The second pressure sensor C2 is constituted by the electrode 111e of the second electrically conductive member 110e, the second elastic member 120e, the second portion 130e of the insulating sheet 130, and the third leg 142c of the metal dome 140. In other words, the second pressure sensor C2 is constituted by the electrode 111e, a predetermined part (the third leg 142c) of the metal dome 140 supported on the electrode 111e, and an insulator (the second portion 130e) between the electrode 111e and the predetermined part. The second pressure sensor C2 further includes an elastic member (the second elastic member 120e) between the insulator (the second portion 130e) and the electrode 111e.
The fourth pressure sensor C4 is constituted by the electrode 111g of the fourth electrically conductive member 110g, the fourth elastic member 120g, the fourth portion 130g of the insulating sheet 130, and the second leg 142b of the metal dome 140. In other words, the fourth pressure sensor C4 is constituted by the electrode 111g, a predetermined part (the second leg 142b) of the metal dome 140 supported on the electrode 111g, and an insulator (the fourth portion 130g) between the electrode 111g and the predetermined part. The fourth pressure sensor C4 further includes an elastic member (the fourth elastic member 120g) between the insulator (the fourth portion 130g) and the electrode 111g.

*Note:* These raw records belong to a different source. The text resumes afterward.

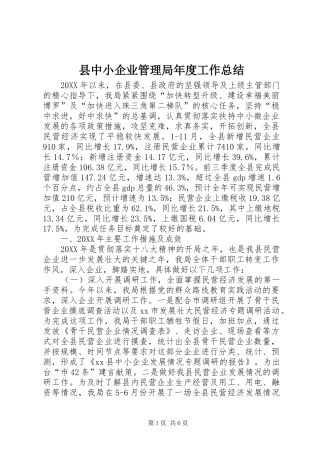 2024年县中小企业管理局年度工作总结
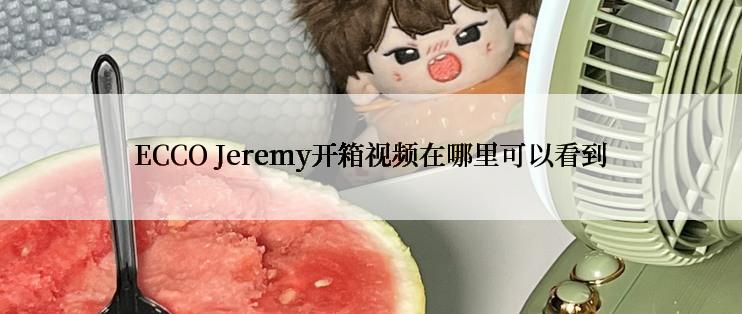 ECCO Jeremy开箱视频在哪里可以看到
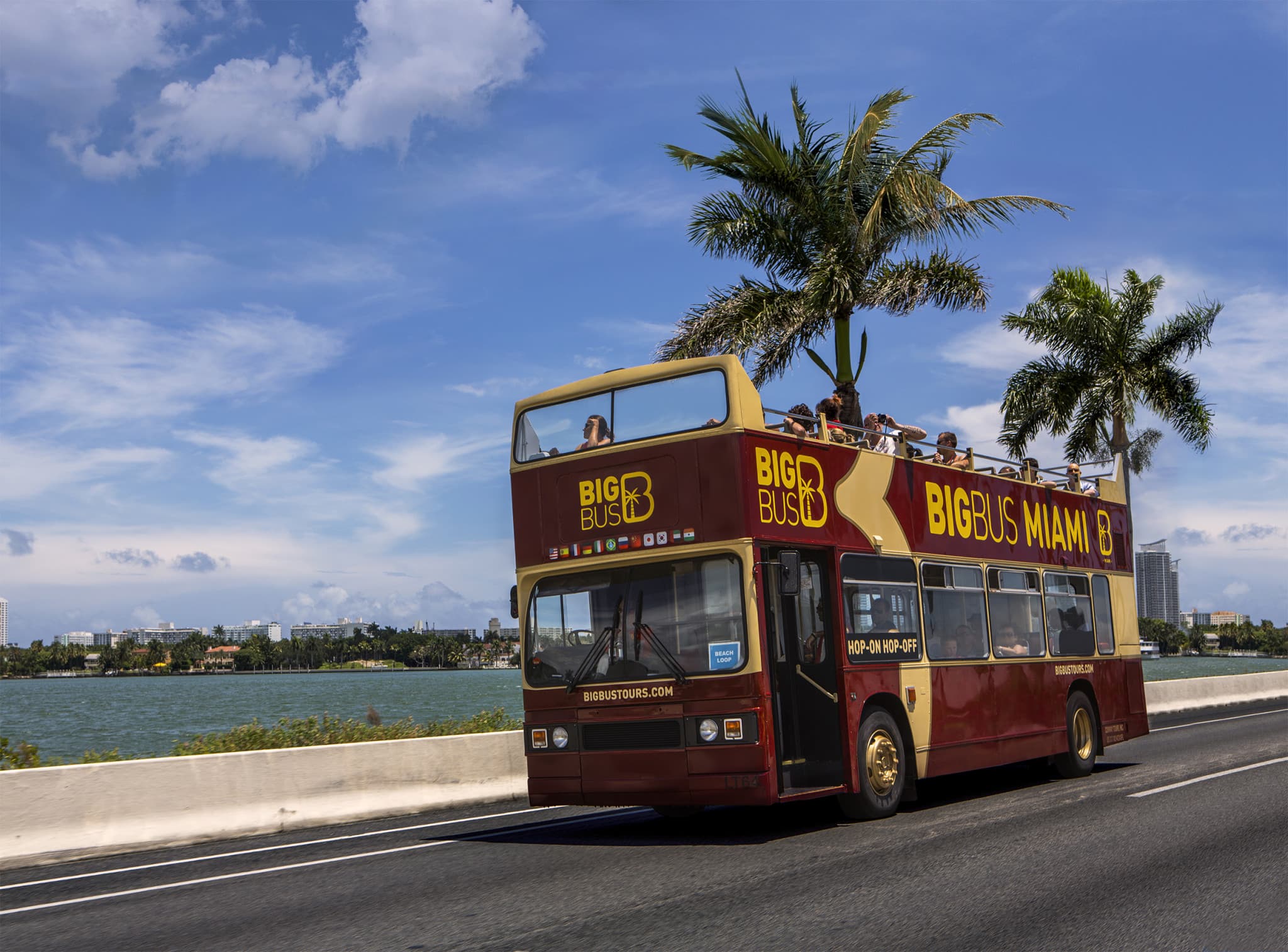 Go City Miami All-Inclusive Pass: Save up to 50% on Attractions - image 8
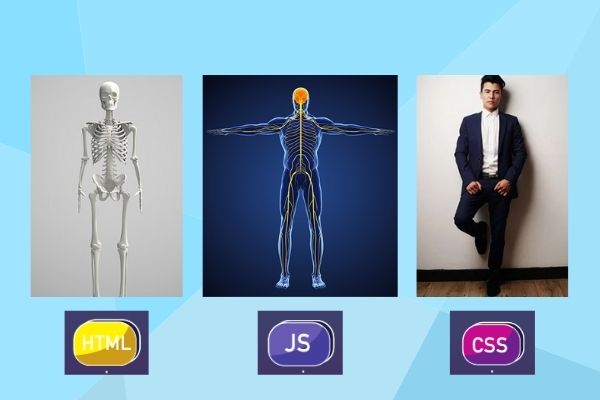 HTML vs CSS vs JavaScript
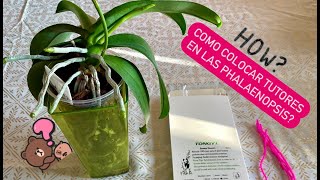 ✅COMO COLOCAR TUTORES EN LAS ORQUÍDEAS PHALAENOPSIS⁉️🌱🌸🙋🏻‍♀️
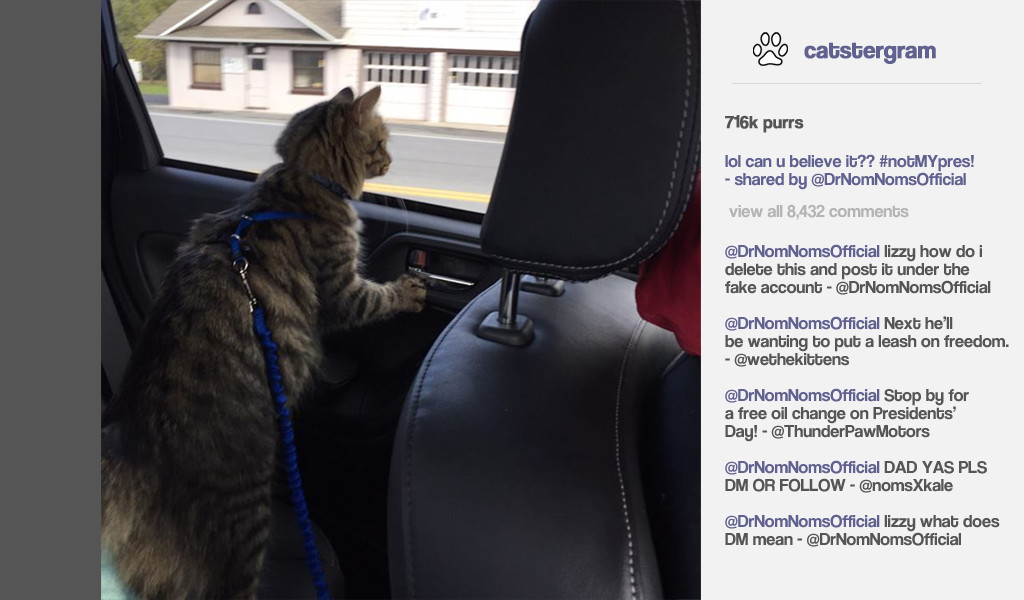 Cat President: A More Purrfect Union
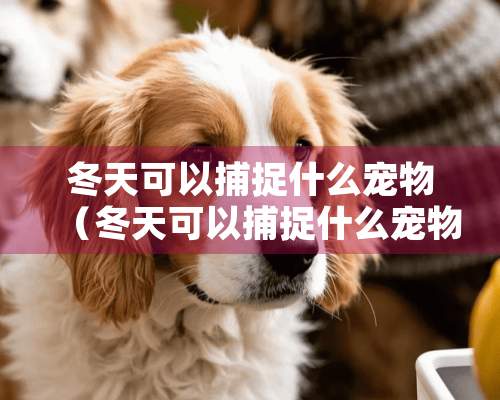 冬天可以捕捉什么宠物（冬天可以捕捉什么宠物鱼）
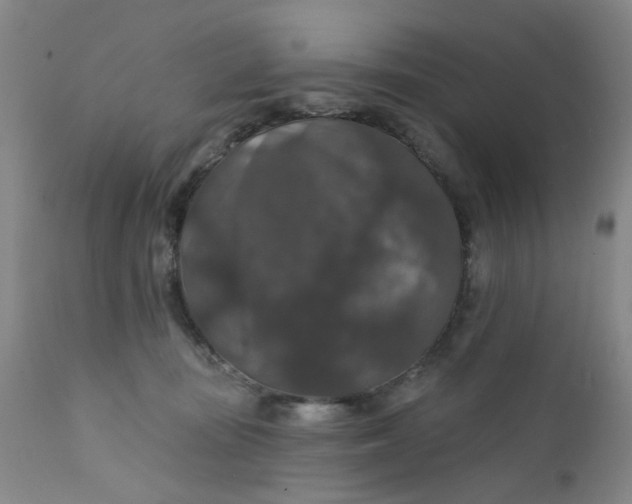X0000112430371200909041442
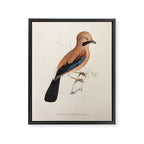 Plain-crowned jay by Elizabeth Gould from "A Century of Birds from the Himalaya Mountains," 1831 Framed Canvas Print Gallery Image 6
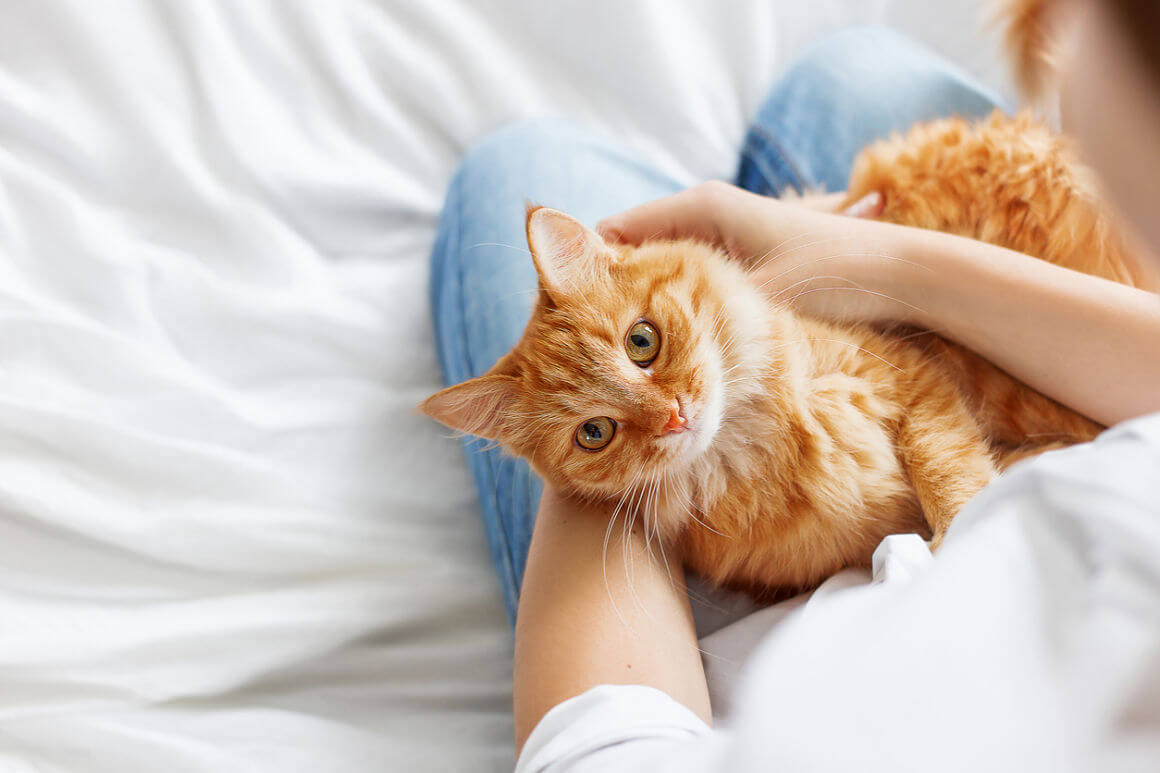 chat-triste-2.jpg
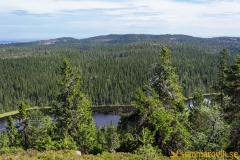 Skuleskogen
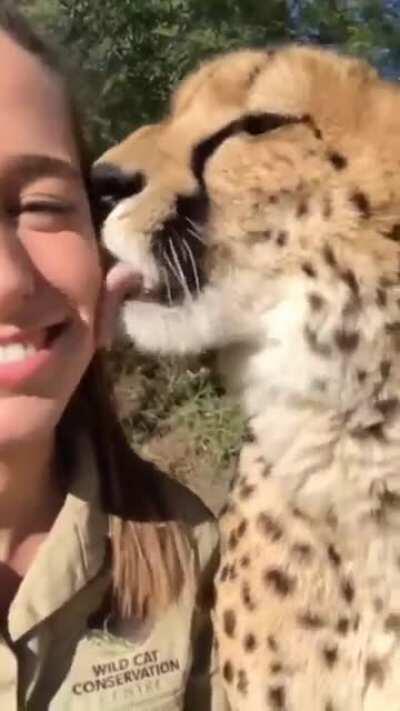 I wouldn’t do that...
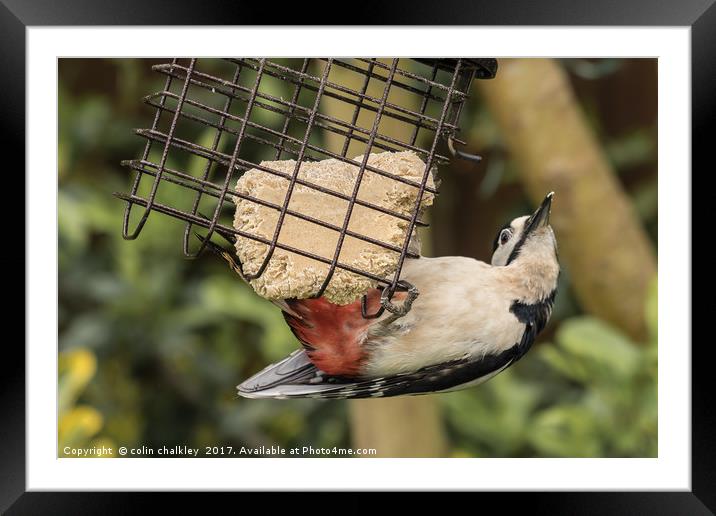Male Great Spotted Woodpecker Framed Mounted Print by colin chalkley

The fifth pressure sensor C5 is constituted by the electrode 111h of the fifth electrically conductive member 110h, the fifth elastic member 120h, the fifth portion 130h of the insulating sheet 130, and the fourth leg 142d of the metal dome 140. In other words, the fifth pressure sensor C5 is constituted by the electrode 111h, a predetermined part (the fourth leg 142d) of the metal dome 140 supported on the electrode 111h, and an insulator (the fifth portion 130h) between the electrode 111h and the predetermined part. The fifth pressure sensor C5 further includes an elastic member (the fifth elastic member 120h) between the insulator (the fifth portion 130h) and the electrode 111h.
Each of the first, second, fourth, and fifth pressure sensors C1, C2, C4, and C5 is a pressure sensor facing the concave surface 141a of the metal dome 140 and supporting the metal dome 140. As shown in
The third pressure sensor C3 is constituted by the electrode 111f of the third electrically conductive member 110f, the third elastic member 120f, the third portion 130f of the insulating sheet 130, and the elastically deformable part 141 of the metal dome 140. The third pressure sensor C3 further includes an elastic member (the third elastic member 120f) between an insulator (the third portion 130f of the insulating sheet 130) and the electrode 111f.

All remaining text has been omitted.